TASK GOAL >>
What is needed is an exact reproduction of the lines from the one that contains "Gameplay screenshot for" through the end of the data, both included and nothing else, with pictures omitted.

SOURCE MATERIAL >>
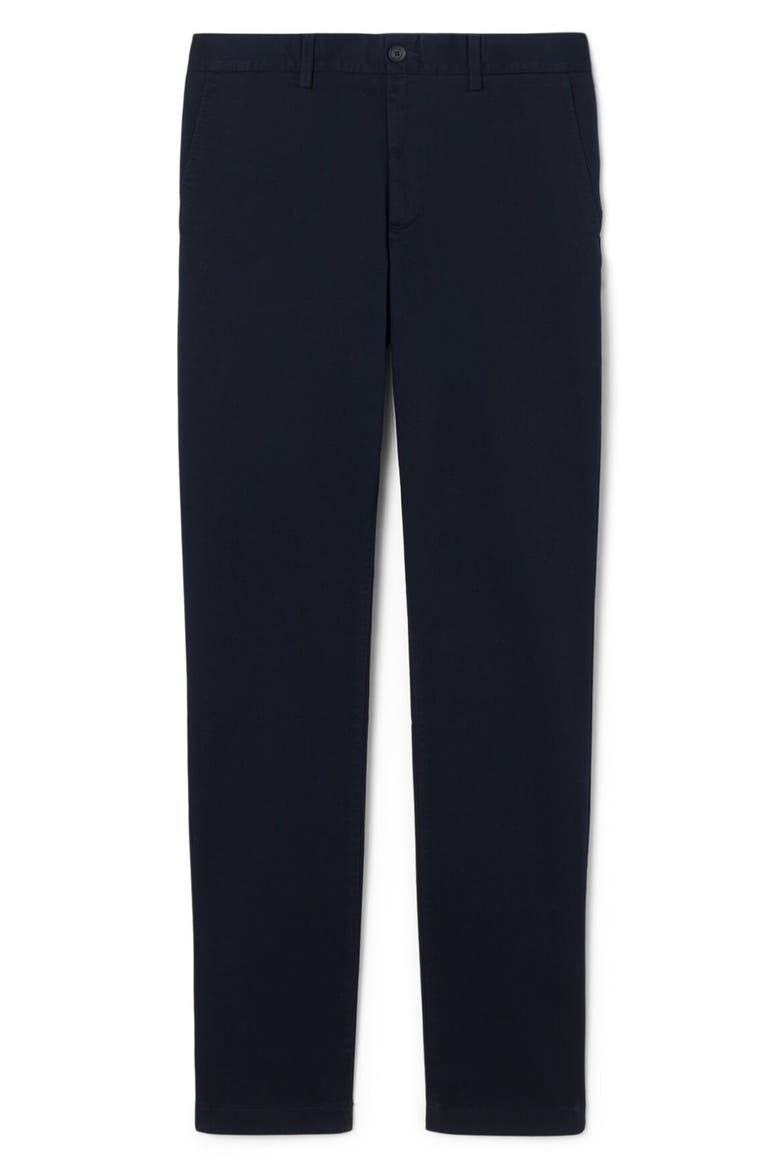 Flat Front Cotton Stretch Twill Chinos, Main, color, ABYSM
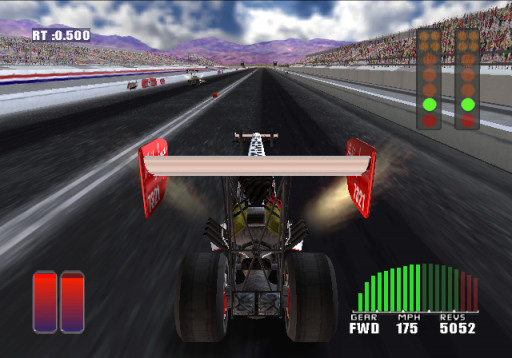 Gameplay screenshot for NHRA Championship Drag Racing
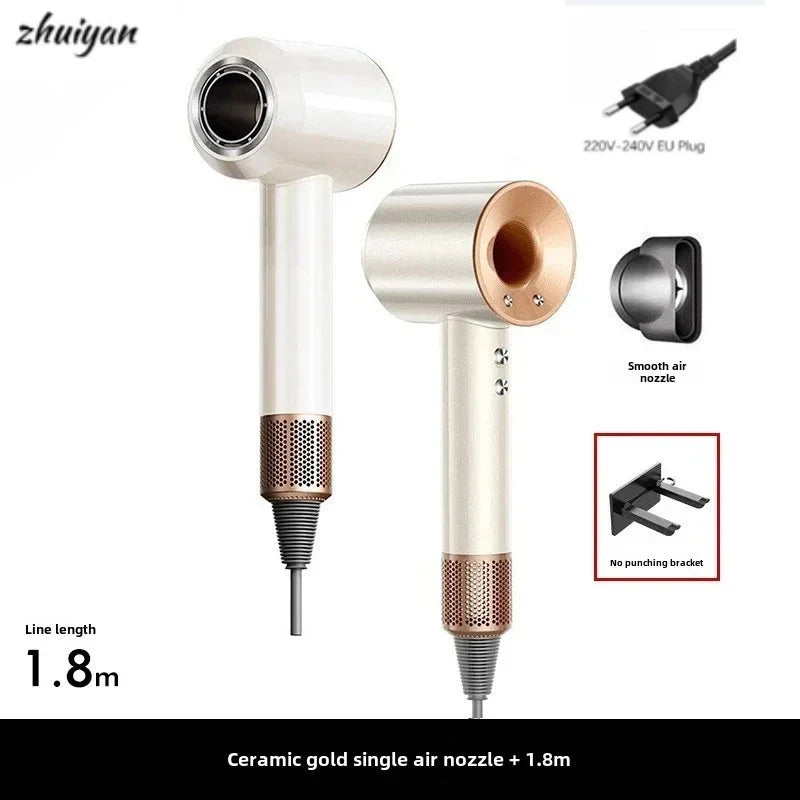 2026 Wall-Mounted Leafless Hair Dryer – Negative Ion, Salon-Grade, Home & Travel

THE COMPLETED TASK >>
 Gameplay screenshot for NHRA Championship Drag Racing
 2026 Wall-Mounted Leafless Hair Dryer – Negative Ion, Salon-Grade, Home & Travel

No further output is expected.